Problem description -> Look below for the line holding "Choanal atresia (Radiopaedia" and the line holding "Tomografia komputerowa zębów - czym jest?". Repeat those two and everything between, exactly.

The records ->
:::
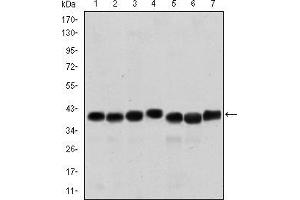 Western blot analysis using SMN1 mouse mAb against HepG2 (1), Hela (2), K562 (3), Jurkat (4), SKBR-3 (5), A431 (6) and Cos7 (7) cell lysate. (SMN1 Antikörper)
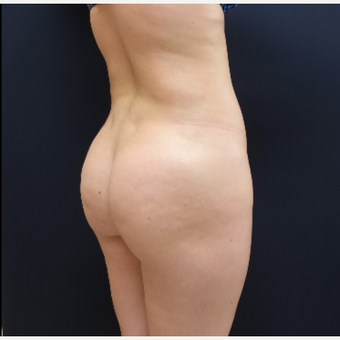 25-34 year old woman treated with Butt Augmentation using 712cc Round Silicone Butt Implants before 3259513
:::
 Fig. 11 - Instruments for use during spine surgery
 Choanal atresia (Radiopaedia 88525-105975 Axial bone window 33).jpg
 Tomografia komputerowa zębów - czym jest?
:::
Response ->
 Choanal atresia (Radiopaedia 88525-105975 Axial bone window 33).jpg
 Tomografia komputerowa zębów - czym jest?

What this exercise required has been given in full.